Темнота, как пасть монстра, постепенно заглатывает Зомби, и Зомби исчезает, остается только монстр, только темнота.
Сэм прижимает ладонь к холодному стеклу. В тот день, когда автобус забрал его в лагерь «Приют», он смотрел на оставшуюся на коричневой дороге Кэсси. Она держала в руках мишку и постепенно уменьшалась, ее поглотила пыль, как Зомби поглотила темнота.
– Почему ты его не остановил? – злым голосом спрашивает Кэсси, стоящая сзади.
– Я пытался, – отвечает Эван Уокер.
– Плохо пытался.
– Не знаю, что еще я мог сделать. Разве только ноги ему переломать.
Сэм отрывает ладонь от окна, и на стекле остается след. Так же когда‑то остался отпечаток его руки на стекле автобусного окна.
– А когда ты потеряла Сэма, разве кто‑нибудь мог удержать тебя от поисков? – спрашивает Эван Уокер и выходит из дома.
Сэм видит в окне отражение сестринского лица. Кэсси изменилась, как изменились все после их появления. Она уже не та Кэсси, которая скрылась из виду на пыльной дороге. Нос у нее немножко кривой, как у тех, кто прижимается им к окну.
– Сэм, – говорит она, – уже поздно. Хочешь, сегодня переночуешь в моей комнате? Как ты на это смотришь?
Он мотает головой:
– Я должен присматривать за Меган. Приказ Зомби.
Кэсси хочет что‑то сказать, но осекается и в итоге соглашается:
– Хорошо. Я приду через минуту, помолимся вместе.
– Не собираюсь я молиться.
– Сэм, надо молиться.
– Я молился за маму, и она умерла. Молился за папу, и он тоже умер. Когда за кого‑то молишься, он умирает.

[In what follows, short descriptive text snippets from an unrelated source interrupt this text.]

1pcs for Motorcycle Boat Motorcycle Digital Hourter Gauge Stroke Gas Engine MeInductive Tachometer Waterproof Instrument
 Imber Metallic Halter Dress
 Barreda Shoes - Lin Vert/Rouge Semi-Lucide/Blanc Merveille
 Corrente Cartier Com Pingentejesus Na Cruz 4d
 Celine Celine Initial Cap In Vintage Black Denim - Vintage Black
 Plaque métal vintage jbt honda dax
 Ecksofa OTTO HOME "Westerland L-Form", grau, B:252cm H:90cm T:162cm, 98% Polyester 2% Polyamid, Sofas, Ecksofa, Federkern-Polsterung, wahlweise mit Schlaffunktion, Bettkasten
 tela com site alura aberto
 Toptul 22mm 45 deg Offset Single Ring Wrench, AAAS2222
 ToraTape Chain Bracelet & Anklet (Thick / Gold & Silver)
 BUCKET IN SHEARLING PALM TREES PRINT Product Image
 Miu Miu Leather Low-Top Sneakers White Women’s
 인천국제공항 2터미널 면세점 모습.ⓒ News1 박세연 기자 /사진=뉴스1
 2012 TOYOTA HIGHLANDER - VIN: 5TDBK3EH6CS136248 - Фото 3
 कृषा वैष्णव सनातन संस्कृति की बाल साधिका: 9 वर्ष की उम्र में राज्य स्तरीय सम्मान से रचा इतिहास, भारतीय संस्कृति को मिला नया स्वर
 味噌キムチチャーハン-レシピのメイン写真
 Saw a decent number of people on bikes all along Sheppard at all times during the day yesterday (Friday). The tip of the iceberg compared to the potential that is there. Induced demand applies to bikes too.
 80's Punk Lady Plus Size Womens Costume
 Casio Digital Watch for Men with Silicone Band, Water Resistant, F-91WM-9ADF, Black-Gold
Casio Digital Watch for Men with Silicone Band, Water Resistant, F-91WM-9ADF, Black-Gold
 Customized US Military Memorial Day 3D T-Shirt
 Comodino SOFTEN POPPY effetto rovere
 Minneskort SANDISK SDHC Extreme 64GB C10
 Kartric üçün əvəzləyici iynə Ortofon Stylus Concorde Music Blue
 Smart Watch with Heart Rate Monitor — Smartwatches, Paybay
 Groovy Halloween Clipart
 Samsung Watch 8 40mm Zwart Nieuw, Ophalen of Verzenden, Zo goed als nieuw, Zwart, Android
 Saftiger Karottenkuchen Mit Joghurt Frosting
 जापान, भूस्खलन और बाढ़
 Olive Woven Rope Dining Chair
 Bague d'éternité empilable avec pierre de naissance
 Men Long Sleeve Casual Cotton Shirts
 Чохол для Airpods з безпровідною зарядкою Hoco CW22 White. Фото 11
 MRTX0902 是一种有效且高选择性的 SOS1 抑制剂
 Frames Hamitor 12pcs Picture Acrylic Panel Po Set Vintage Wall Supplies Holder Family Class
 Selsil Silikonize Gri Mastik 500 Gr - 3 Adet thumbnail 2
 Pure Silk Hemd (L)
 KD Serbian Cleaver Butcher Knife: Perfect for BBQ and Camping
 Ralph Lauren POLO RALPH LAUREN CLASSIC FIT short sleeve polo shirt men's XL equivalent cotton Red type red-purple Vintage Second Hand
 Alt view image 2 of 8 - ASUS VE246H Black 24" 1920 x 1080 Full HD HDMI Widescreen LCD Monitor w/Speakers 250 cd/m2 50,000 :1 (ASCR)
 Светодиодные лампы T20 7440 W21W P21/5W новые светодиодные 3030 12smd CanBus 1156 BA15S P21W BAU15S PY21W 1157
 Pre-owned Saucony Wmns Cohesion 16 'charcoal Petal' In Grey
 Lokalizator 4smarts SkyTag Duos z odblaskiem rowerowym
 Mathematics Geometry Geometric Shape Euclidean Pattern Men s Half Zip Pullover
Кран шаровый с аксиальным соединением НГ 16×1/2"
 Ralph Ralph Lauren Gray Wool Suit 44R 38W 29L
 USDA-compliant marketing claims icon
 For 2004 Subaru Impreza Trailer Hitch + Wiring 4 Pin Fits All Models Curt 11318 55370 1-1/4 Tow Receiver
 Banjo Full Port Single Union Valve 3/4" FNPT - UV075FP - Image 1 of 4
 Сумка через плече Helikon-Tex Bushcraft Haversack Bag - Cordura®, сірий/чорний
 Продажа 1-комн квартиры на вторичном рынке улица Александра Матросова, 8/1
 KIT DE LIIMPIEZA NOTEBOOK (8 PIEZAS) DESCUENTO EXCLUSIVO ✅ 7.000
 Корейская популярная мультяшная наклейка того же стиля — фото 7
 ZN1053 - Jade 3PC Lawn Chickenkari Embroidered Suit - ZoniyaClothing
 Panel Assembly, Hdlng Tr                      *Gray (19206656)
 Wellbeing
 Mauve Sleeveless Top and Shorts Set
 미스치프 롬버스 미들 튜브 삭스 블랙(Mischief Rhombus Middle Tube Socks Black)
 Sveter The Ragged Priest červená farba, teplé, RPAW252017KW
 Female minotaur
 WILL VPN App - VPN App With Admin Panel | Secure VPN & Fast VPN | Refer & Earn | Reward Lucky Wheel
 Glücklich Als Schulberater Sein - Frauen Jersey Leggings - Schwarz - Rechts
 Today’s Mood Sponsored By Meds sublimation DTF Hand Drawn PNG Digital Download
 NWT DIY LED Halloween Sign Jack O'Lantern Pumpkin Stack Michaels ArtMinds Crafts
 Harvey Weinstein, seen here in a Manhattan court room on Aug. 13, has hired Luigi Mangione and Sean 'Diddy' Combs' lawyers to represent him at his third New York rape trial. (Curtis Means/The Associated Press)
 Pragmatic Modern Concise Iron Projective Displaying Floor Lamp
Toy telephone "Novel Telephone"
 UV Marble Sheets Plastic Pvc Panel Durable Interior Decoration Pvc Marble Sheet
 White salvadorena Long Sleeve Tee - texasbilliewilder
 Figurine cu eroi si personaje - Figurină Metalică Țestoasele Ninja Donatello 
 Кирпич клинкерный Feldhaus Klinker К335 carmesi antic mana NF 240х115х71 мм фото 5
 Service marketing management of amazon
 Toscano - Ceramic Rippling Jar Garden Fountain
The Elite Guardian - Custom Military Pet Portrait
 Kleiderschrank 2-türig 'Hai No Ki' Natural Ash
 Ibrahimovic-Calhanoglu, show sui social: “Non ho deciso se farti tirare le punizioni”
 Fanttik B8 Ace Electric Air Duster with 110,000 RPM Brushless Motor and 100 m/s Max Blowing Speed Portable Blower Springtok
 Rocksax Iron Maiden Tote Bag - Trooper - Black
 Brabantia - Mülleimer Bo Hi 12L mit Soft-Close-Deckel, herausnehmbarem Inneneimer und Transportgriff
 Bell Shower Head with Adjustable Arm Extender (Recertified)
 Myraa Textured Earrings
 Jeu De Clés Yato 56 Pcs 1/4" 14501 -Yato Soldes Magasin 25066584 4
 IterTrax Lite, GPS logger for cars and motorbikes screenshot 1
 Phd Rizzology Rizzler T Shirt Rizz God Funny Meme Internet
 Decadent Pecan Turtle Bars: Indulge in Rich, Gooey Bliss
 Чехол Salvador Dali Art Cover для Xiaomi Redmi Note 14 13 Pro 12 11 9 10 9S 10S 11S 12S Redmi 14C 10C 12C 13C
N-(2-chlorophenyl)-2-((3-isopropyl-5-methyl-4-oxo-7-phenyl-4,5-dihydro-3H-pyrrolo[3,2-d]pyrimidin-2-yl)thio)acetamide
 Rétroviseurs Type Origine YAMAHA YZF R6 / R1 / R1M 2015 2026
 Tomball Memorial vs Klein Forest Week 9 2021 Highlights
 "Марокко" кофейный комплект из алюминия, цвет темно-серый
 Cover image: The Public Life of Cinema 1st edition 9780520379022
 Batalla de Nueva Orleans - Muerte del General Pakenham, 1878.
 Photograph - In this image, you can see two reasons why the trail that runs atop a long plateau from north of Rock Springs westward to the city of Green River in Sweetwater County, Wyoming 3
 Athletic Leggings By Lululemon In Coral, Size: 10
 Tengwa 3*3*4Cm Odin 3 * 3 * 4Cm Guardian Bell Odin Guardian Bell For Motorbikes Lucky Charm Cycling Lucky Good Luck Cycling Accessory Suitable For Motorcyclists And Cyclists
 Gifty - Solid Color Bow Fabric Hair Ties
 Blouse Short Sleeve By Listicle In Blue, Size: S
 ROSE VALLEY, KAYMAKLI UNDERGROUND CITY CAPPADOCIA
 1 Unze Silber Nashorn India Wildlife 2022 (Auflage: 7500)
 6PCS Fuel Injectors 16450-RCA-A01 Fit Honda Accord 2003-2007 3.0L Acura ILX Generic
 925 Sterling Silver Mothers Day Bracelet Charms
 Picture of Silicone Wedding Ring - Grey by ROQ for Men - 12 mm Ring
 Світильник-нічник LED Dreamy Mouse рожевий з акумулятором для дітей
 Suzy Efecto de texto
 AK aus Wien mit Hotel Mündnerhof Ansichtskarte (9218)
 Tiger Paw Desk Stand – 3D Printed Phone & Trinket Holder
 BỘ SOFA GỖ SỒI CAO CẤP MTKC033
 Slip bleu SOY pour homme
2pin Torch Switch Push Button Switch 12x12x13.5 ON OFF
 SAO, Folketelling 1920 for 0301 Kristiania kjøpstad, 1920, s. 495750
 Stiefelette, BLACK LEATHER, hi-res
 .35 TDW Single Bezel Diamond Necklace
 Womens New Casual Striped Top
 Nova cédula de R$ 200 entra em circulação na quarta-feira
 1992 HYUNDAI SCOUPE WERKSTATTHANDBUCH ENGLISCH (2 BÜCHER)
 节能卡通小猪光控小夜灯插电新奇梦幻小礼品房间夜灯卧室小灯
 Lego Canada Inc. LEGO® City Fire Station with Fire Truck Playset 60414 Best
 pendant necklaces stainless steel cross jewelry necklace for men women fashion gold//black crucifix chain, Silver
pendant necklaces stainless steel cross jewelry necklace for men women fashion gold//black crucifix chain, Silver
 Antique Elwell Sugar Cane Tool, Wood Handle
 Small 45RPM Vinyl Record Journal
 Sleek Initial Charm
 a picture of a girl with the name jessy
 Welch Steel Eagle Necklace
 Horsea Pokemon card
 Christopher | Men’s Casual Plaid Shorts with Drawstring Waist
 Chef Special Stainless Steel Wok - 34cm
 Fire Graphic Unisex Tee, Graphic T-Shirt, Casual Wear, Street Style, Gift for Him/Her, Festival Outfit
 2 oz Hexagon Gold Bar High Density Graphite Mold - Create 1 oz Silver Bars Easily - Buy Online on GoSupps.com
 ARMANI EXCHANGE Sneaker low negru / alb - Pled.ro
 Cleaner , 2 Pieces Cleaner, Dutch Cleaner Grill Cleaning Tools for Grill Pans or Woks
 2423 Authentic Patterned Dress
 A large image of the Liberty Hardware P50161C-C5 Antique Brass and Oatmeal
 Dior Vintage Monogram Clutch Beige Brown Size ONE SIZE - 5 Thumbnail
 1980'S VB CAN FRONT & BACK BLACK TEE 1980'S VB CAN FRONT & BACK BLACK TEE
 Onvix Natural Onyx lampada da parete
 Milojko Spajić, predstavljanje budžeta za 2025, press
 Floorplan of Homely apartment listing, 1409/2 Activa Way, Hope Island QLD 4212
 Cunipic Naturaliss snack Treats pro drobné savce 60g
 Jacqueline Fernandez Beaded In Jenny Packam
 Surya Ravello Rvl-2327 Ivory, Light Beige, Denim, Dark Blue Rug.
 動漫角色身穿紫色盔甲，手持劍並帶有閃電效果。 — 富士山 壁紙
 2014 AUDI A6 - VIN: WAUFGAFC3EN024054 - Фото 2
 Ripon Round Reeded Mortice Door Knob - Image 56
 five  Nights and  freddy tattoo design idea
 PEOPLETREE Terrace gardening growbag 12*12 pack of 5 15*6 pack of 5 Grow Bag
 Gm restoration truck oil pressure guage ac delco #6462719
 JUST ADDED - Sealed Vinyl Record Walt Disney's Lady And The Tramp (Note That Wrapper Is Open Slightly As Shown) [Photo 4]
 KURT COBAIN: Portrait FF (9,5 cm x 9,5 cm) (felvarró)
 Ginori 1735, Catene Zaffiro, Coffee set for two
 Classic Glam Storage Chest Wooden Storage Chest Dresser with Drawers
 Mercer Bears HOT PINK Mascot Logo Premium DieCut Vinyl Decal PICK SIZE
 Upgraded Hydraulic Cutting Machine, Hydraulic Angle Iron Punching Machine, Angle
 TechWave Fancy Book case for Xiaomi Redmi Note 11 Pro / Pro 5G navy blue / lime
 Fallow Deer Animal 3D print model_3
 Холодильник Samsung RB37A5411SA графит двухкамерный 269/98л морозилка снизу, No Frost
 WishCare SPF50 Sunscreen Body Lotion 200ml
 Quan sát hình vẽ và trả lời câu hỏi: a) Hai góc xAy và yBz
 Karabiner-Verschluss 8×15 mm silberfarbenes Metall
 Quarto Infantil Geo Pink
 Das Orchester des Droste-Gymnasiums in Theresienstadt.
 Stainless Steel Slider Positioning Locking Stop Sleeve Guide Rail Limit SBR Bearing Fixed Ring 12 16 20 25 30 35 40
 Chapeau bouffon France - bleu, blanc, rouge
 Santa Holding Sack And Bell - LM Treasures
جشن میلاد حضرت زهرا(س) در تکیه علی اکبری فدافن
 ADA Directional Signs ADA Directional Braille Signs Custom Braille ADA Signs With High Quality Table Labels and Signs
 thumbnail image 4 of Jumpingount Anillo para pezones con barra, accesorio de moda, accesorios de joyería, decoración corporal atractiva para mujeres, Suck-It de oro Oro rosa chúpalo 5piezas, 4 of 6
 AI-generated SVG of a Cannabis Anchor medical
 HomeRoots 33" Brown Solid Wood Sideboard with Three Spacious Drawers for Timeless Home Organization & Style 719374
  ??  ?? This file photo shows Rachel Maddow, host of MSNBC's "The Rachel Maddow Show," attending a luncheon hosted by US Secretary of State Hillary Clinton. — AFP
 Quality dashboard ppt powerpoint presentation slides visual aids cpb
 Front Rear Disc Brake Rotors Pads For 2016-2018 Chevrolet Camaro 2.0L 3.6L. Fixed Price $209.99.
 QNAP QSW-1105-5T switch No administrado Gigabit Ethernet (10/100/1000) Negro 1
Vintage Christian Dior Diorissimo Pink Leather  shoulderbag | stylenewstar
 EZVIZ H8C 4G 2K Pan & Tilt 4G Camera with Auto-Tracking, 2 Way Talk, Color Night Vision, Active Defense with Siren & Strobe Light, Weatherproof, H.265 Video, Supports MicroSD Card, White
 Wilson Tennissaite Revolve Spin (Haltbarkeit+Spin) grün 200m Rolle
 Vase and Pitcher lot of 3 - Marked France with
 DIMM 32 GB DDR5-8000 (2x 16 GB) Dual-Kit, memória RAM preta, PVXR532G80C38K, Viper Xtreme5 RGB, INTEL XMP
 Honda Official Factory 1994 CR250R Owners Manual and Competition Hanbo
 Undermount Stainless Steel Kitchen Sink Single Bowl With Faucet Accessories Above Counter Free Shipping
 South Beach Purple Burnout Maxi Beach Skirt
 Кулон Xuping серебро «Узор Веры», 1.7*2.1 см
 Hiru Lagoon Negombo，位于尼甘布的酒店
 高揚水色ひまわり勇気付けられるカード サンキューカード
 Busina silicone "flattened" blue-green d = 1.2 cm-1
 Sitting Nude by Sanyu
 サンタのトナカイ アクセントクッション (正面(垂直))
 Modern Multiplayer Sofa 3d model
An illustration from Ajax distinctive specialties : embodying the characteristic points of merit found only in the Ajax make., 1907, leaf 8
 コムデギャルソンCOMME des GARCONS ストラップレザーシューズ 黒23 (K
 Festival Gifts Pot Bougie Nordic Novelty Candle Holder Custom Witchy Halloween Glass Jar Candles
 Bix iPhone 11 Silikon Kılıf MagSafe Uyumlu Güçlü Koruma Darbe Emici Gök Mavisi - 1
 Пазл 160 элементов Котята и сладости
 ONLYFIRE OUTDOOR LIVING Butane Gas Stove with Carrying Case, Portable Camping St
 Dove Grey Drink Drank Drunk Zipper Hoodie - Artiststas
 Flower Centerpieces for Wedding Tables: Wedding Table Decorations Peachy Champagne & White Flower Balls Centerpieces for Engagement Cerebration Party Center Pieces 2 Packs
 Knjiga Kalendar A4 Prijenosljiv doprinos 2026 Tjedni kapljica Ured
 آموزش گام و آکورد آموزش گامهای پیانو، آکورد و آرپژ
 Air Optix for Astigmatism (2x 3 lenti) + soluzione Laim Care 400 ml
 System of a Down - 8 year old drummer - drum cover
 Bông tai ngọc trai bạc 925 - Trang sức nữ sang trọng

– Они не от этого умерли, Сэм.
Кэсси тянется к нему, он отстраняется.
– Я больше не буду ни за кого молиться.
В спальне Меган сидит на кровати с мишкой на коленях.
– Зомби ушел, – сообщает ей Сэм.
– А куда он пошел? – шепотом спрашивает Меган.
Она теперь все время говорит шепотом. Кэсси и Эван Уокер что‑то повредили у нее в горле, когда вытаскивали оттуда гранулу‑бомбу.
– Отправился искать Рингер и Чашку.
Меган не знает, кто такие Рингер и Чашка. Она качает головой и сжимает руками мишкину голову, от чего у мишки сморщивается мордочка, как будто он хочет кого‑то поцеловать.